Problem description: Everything in the entries except the pictures should be repeated exactly.

Listed entries:
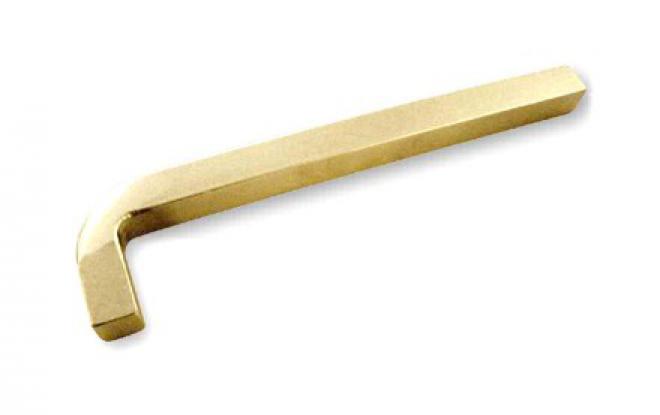 картинка Ключ искробезопасный штифтовой 4-хгранный угловой ENDRES 0140021S — Gedore-tools.ru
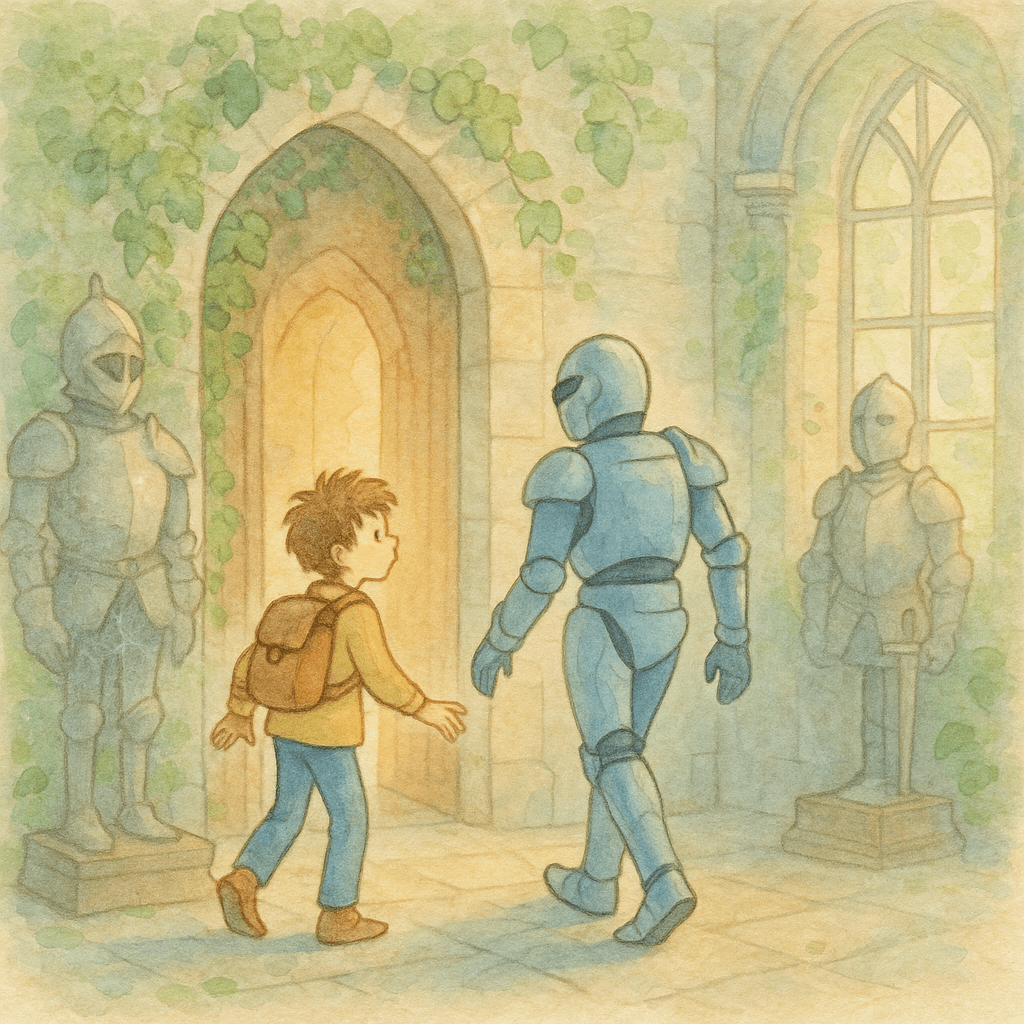 Le trésor du château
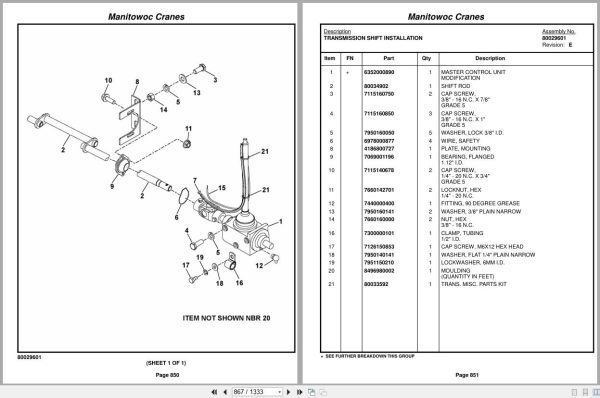 Grove Crane TMS760E 235666 Parts Manual 2016 (2)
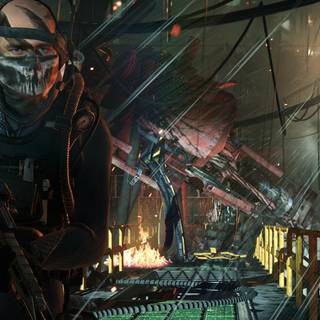 Federation Call of Duty Ghosts wallpaper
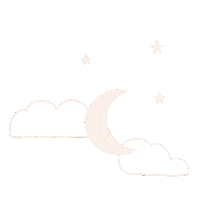 Night Stars Sticker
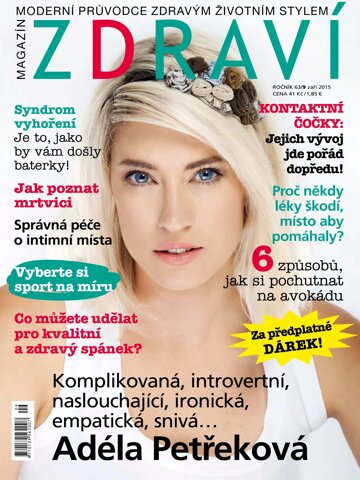 Obálka e-magazínu Zdraví 9/2015
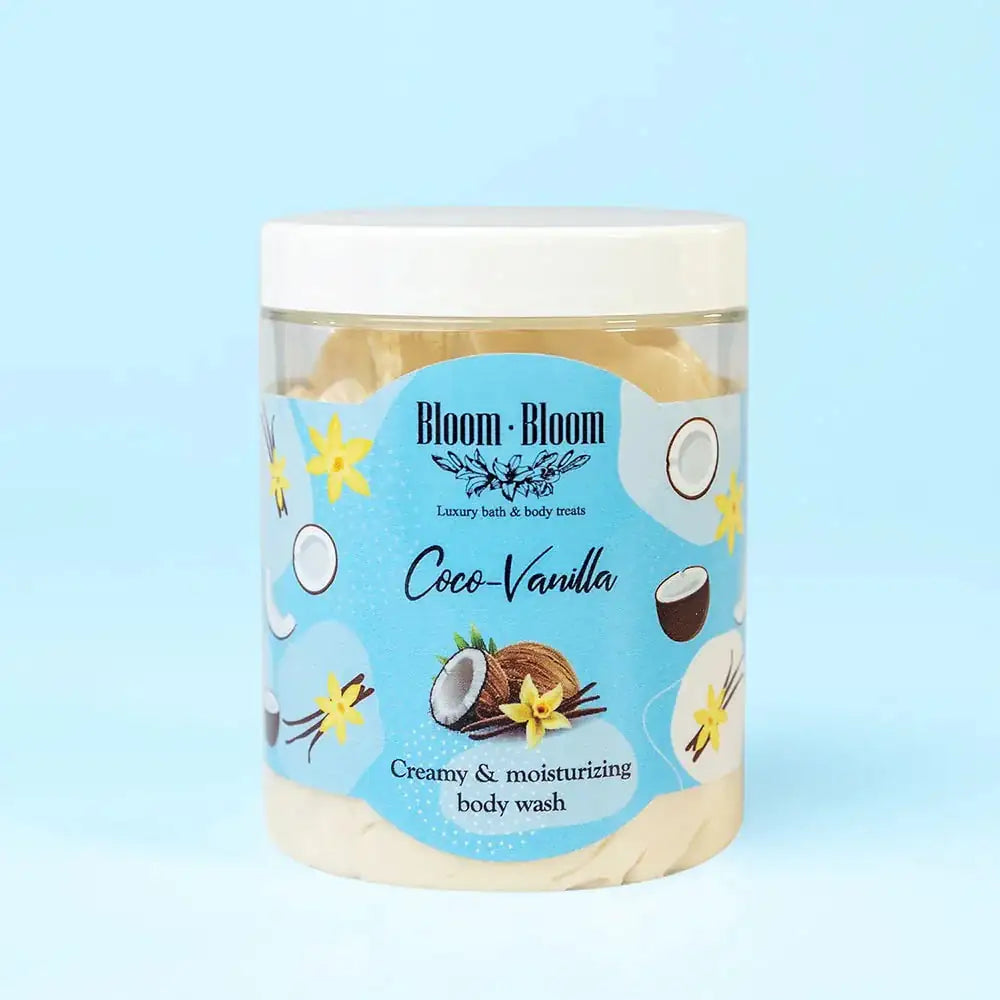 Σαπουνοπαγωτό Coco-Vanilla - Bloom-Bloom Luxury Bath & Body treats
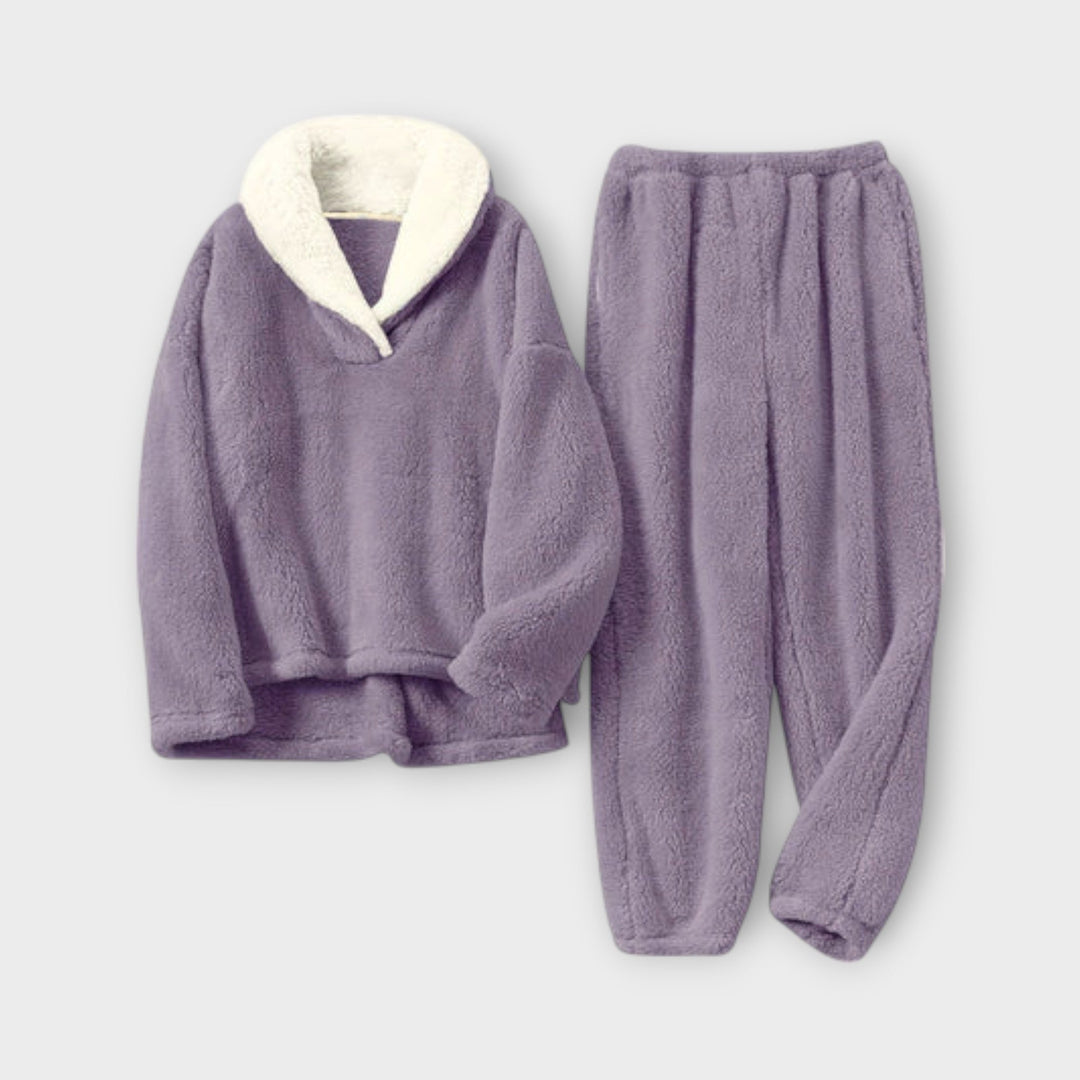 Stella - Ensemble en flanelle chauffant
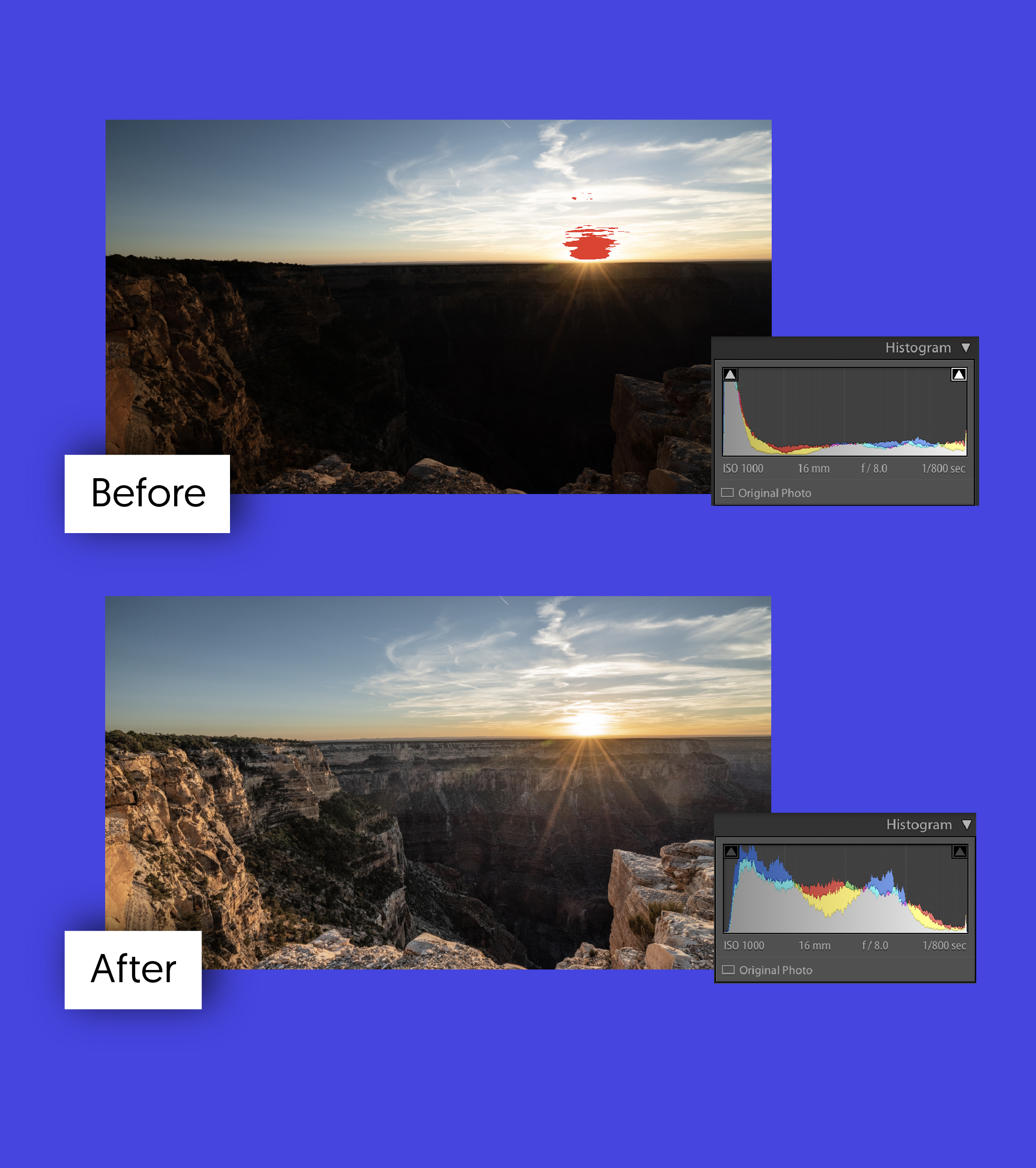 The magic of RAW dynamic range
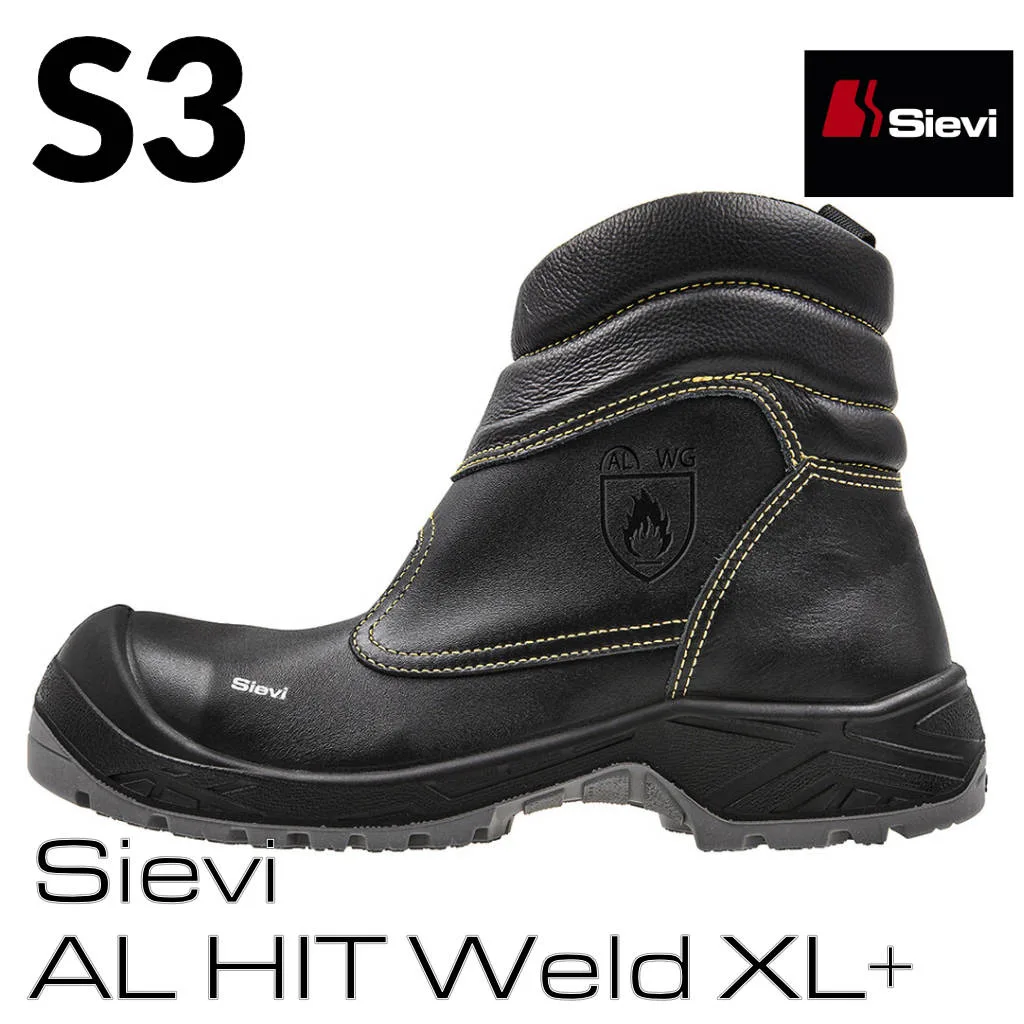 Čevlji Sievi AL HIT WELD XL+ S3 HRO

Solution to this exercise:
 картинка Ключ искробезопасный штифтовой 4-хгранный угловой ENDRES 0140021S — Gedore-tools.ru
 Le trésor du château
 Grove Crane TMS760E 235666 Parts Manual 2016 (2)
 Federation Call of Duty Ghosts wallpaper
 Night Stars Sticker
 Obálka e-magazínu Zdraví 9/2015
 Σαπουνοπαγωτό Coco-Vanilla - Bloom-Bloom Luxury Bath & Body treats
 Stella - Ensemble en flanelle chauffant
 The magic of RAW dynamic range
 Čevlji Sievi AL HIT WELD XL+ S3 HRO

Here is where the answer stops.